The calculated structure of the bowl inversion transition state of 2 inside of 1 is shown in Figure 1. 2 is planar at the TS. The experimental inversion barrier (determined by variable temperature NMR line shift analysis) is 7.88 kcal mol-1, while the calculated barrier is 8.77 kcal mol-1. The reduction in the bowl inversion barrier of 2 inside of 1 is therefore about 2.5 kcal mol-1. The authors argue that this barrier reduction can be attributed to about 0.5 kcal mol-1 of destabilization of the ground state of 2 along with 2 kcal mol-1 of stabilization of the transition state afforded by the host. This study thus confirms the notions of a host reducing a barrier (through both transition state stabilization and ground state destabilization) and induced fit.
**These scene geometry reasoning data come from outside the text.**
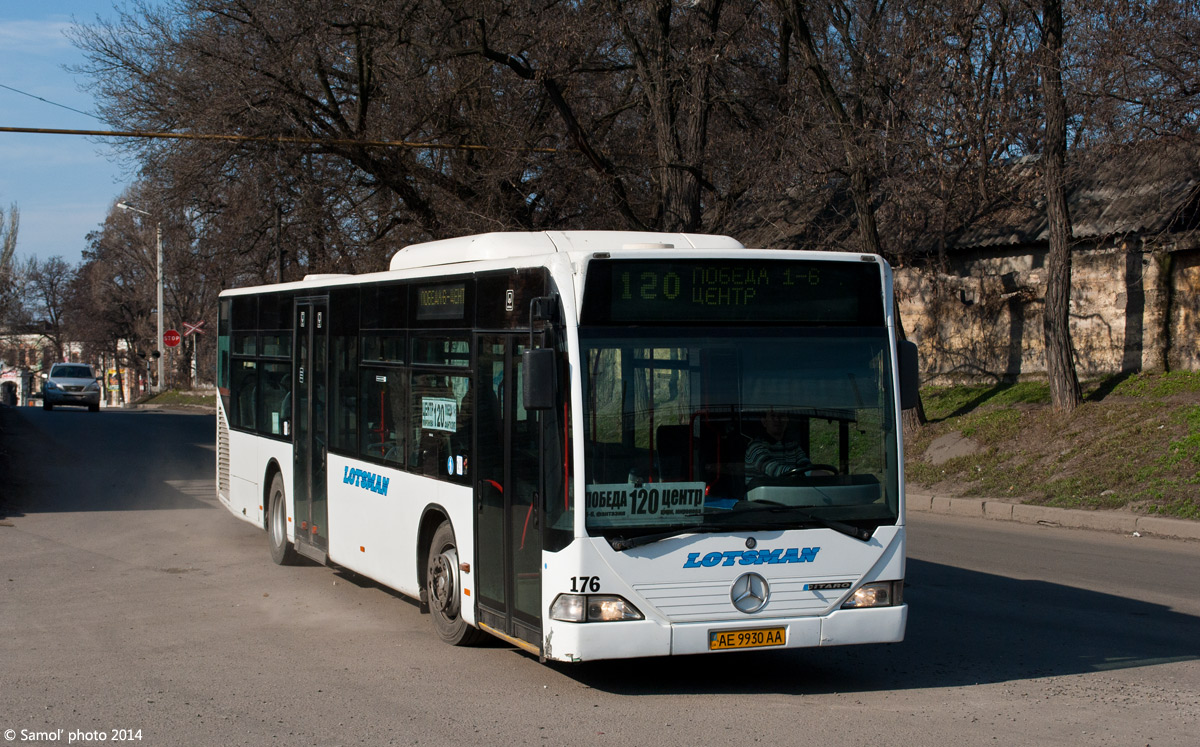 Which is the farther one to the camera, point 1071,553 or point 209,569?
point 1071,553

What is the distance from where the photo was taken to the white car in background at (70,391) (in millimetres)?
42188

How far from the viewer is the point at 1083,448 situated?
→ 674 inches

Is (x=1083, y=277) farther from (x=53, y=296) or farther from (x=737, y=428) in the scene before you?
(x=53, y=296)

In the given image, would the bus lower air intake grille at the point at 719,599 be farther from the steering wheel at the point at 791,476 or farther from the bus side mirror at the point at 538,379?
the bus side mirror at the point at 538,379

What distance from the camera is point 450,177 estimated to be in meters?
24.0

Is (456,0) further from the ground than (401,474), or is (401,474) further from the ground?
(456,0)

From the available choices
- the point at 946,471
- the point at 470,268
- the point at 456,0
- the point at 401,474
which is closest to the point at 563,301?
the point at 470,268

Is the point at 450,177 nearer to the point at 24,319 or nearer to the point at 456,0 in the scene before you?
the point at 456,0

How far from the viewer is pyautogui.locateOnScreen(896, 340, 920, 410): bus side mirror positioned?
7.01 meters

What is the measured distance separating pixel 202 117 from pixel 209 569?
1250 centimetres

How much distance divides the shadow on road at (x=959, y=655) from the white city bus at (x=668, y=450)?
1.89ft

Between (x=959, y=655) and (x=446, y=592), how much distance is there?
3547 millimetres

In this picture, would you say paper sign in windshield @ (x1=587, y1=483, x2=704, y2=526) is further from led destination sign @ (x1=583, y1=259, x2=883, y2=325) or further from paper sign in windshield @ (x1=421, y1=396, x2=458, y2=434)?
paper sign in windshield @ (x1=421, y1=396, x2=458, y2=434) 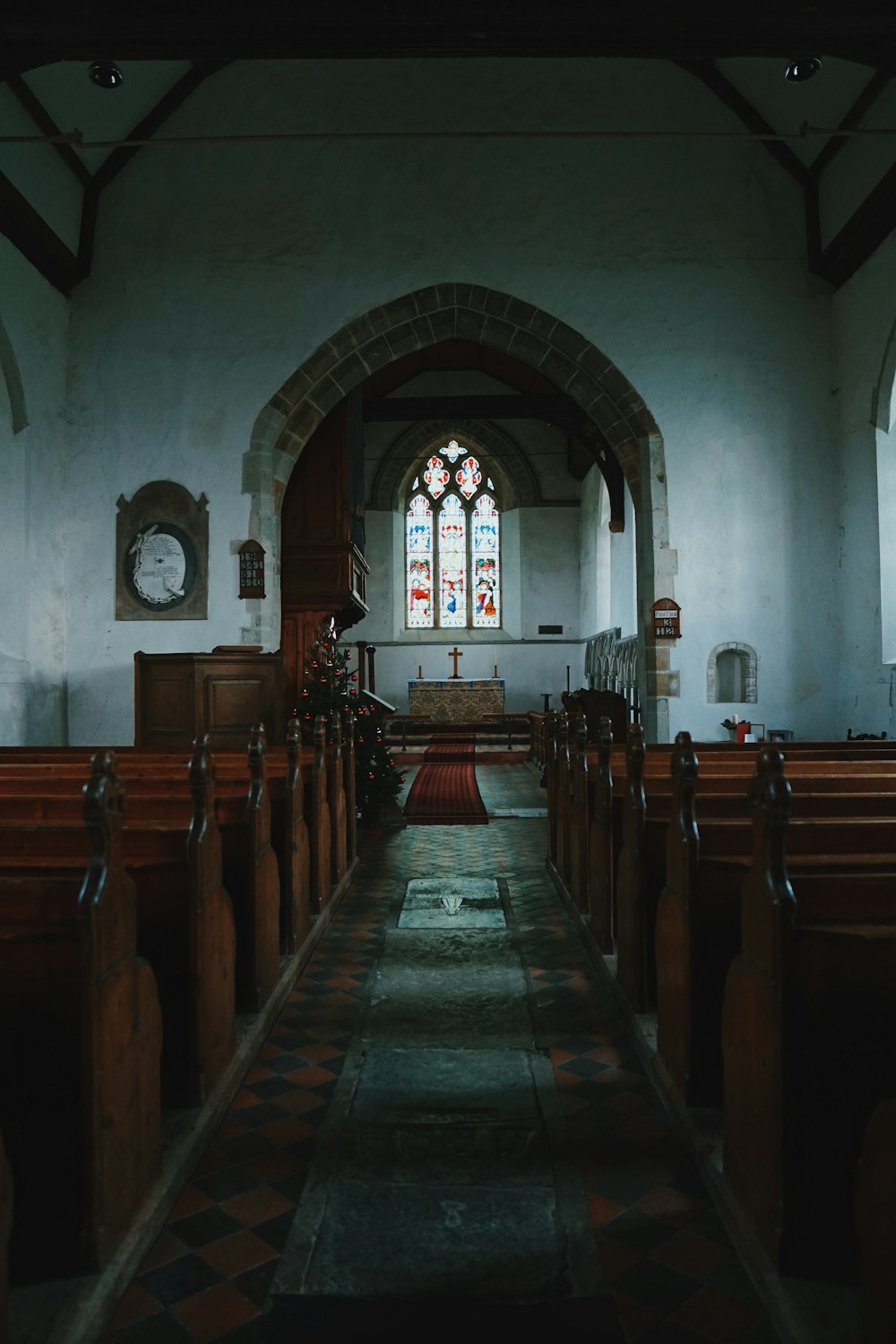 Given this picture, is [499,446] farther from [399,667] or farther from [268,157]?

(1) Juríček, M.; Strutt, N. L.; Barnes, J. C.; Butterfield, A. M.; Dale, E. J.; Baldridge, K. K.; Stoddart, J. F.; Siegel, J. S. "Induced-fit catalysis of corannulene bowl-to-bowl inversion," Nat. Chem. 2014, 6, 222-228, DOI: 10.1038/nchem.1842.
(2) Barnes, J. C.; Juríček, M.; Strutt, N. L.; Frasconi, M.; Sampath, S.; Giesener, M. A.; McGrier, P. L.; Bruns, C. J.; Stern, C. L.; Sarjeant, A. A.; Stoddart, J. F. "ExBox: A Polycyclic Aromatic Hydrocarbon Scavenger," J. Am. Chem. Soc. 2012, 135, 183-192, DOI: 10.1021/ja307360n.
(3) Bachrach, S. M. "DFT Study of the ExBox·Aromatic Hydrocarbon Host–Guest Complex," J. Phys. Chem. A 2013, 117, 8484-8491, DOI: 10.1021/jp406823t.